With the deployment of H.264/AVC, e.g., for mobile broadcasts, there is a need to convert video in the MPEG-2 format to videos in the H.264/AVC format. This would enable more efficient network transmission and storage. In addition, there is also a need to convert from H.264/AVC videos to MPEG-2 videos so that legacy MPEG-2 devices can process videos encoded according to the later H.264/AVC format.
A transcoder simply decodes an encoded input video in an input format to reconstruct the image pixels of the original video and then reencodes the decoded video in an ouput format.
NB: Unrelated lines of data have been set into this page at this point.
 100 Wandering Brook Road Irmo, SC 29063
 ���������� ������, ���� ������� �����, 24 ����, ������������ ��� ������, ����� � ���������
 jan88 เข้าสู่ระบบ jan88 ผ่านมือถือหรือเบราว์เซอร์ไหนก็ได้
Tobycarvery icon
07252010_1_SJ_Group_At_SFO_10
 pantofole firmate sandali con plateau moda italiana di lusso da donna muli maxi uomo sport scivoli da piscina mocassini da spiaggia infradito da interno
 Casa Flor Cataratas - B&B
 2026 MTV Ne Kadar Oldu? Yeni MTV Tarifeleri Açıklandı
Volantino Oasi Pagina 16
This is referred to as pixel-domain transcoding. With this pixel-domain transcoding, the transform coefficients must be mapped from the source format to the destination format.
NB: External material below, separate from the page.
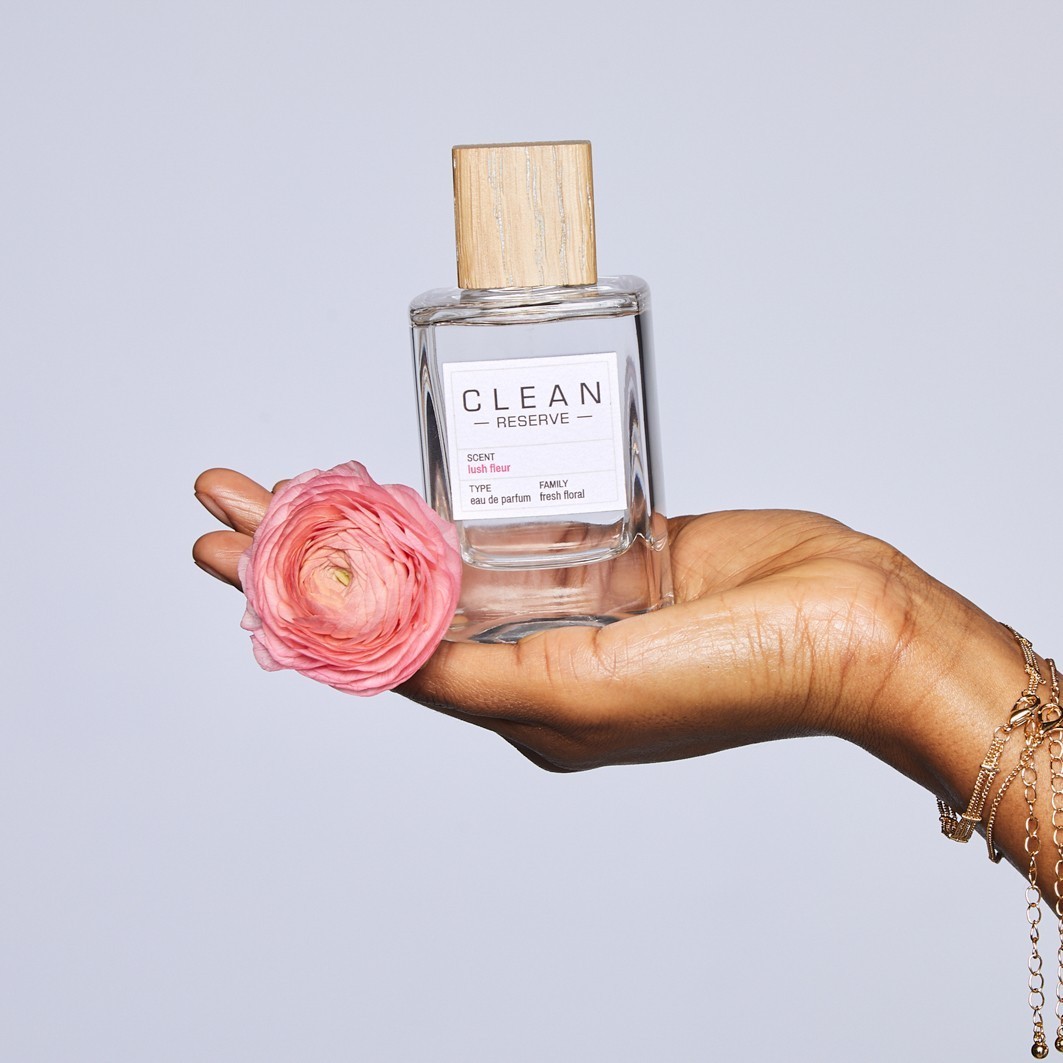 Clean Reserve parfemska voda - 100 ml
The 8×8 block of pixels 102 is divided evenly into four 4×4 blocks (x1, x2, x3, x4) 103. Each of the four blocks 103 is passed to a corresponding HT 120 to generate four 4×4 blocks 104 of transform coefficients Y1, Y2, Y3 and Y4. The four blocks of transform coefficients are combined to form a single 8×8 block (Y) 105. This is repeated for all blocks of the video.
This is repeated for all blocks of the video.
It is desired to perform the transcoding entirely in the compressed or transform-domain, then reconstructing the image pixels is avoided. Transform-domain transcoding could be more efficient than the prior art pixel-domain transcoding because complete decoding and reencoding are not required.
Transform-domain transcoding requires conversion between input and output transform coefficients of the input and output video formats. This conversion is trivial when the input and output formats are identical because both formats are based on the same transformation kernel.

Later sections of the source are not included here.